Or, at least that’s what I’ve been telling myself: It’s too muddy. Too buggy. Too hot. Man, has it been hot!!


I’m fair-skinned and freckled, and, in this humid, 95-degree weather, I burn! I melt!


But maybe it’s just that I got overwhelmed, as I do with my writing. I plan and dream with the best of intentions, planting the seeds for a fruitful harvest down the road. Then I see the weeds.


Small, at first. Easy to deal with. Then I get busy, distracted...and I don’t go out there for days. Then a week. Two weeks. By then, the vegetables are overrun with weeds. 


I finished the first draft of my novel for my MFA thesis last May (2024). It felt like such an accomplishment! Two years of intense reading and researching, meeting writing deadlines, combatting feelings of not being good enough. Hiding away from my family on nights and weekends. Telling my kids "a few more minutes" just to finally pry myself away from the computer much later...and find them already asleep. More times than I'd like to admit.
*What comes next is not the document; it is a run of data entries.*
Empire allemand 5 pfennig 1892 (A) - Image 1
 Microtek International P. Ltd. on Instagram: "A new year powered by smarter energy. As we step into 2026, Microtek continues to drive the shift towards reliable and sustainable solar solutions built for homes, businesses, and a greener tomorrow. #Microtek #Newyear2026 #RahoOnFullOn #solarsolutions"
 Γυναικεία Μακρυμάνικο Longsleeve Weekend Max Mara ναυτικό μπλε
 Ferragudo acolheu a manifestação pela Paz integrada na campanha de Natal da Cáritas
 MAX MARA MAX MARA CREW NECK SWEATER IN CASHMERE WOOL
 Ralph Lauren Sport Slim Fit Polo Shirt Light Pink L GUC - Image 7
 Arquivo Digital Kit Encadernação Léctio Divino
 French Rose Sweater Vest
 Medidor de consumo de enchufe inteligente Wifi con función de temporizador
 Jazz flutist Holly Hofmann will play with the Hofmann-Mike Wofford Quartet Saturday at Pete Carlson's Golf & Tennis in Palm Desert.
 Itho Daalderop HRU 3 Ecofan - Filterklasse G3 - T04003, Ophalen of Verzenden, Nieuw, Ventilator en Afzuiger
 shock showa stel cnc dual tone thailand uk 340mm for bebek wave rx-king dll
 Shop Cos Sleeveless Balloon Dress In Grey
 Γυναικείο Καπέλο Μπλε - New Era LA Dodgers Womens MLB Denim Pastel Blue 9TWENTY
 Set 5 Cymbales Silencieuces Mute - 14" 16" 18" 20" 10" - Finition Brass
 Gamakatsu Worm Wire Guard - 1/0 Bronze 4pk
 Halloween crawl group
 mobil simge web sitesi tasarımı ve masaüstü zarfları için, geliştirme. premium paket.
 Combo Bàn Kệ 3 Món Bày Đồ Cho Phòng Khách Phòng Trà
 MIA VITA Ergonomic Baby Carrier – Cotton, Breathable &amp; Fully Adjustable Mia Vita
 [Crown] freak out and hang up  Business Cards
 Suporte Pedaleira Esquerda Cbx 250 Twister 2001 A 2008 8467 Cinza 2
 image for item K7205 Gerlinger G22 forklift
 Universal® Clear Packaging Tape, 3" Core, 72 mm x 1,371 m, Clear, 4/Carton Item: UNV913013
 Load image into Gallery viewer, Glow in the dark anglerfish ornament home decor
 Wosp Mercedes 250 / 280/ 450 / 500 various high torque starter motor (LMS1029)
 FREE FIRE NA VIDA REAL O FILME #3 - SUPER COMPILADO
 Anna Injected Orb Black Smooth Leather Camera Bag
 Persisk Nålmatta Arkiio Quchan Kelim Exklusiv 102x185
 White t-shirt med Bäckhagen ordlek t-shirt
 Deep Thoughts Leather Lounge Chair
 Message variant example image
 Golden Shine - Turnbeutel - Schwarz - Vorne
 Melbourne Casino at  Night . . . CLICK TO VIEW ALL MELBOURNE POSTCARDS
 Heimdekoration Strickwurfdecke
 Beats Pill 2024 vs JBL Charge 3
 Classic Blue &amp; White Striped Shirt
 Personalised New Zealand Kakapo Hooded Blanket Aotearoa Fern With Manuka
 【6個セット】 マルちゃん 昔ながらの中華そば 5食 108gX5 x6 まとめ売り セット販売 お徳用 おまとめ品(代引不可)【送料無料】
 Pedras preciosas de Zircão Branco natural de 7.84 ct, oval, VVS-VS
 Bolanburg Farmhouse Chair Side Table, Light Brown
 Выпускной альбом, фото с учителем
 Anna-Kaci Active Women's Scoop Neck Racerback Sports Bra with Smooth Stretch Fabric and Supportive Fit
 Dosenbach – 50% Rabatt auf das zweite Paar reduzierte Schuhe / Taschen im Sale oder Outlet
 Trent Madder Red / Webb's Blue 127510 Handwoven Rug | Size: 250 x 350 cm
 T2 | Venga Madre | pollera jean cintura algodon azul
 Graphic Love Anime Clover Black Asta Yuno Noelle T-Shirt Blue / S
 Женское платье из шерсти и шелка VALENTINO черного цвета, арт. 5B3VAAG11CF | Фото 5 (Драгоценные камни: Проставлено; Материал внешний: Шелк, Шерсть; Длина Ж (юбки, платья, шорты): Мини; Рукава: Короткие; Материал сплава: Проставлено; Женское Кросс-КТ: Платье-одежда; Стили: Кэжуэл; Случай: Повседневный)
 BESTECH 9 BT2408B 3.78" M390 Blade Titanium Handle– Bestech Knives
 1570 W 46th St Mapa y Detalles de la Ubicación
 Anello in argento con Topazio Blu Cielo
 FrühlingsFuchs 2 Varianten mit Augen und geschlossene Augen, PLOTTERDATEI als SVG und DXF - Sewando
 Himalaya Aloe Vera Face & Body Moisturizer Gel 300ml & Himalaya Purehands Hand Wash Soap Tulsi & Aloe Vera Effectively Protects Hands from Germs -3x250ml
On top of that, my full-time teaching career is fulfilling but leaves me drained of energy and creativity.


But I’d been dreaming up this fantasy world for almost eight years by the time I was accepted into the program. This was my chance to finally do something with it.


It felt great! People asked about my MFA. I told them about my novel, and they were excited for me. They asked about my progress during the program. And when I finished my MFA 48 credit hours later, I announced it. Proclaimed my novel was finished.


Naturally, people asked when it would be published. Whether they'd see it on shelves soon.


Now, I already knew the odds of being traditionally published were slim for a debut author with how many fantasy novels are saturating the market. But I didn’t realize how long it would take just to feel ready enough to query agents.


I started pitching this past April. Actually, I first pitched last June (complements of the MFA program at SNHU for their new graduates). One rejection, and one partial request. How exciting!


The agent ended up passing; it wasn’t what she was looking for. I didn’t let it get me down, though. Statistically, I should expect at least a hundred or more rejections before I might get accepted for representation. Right?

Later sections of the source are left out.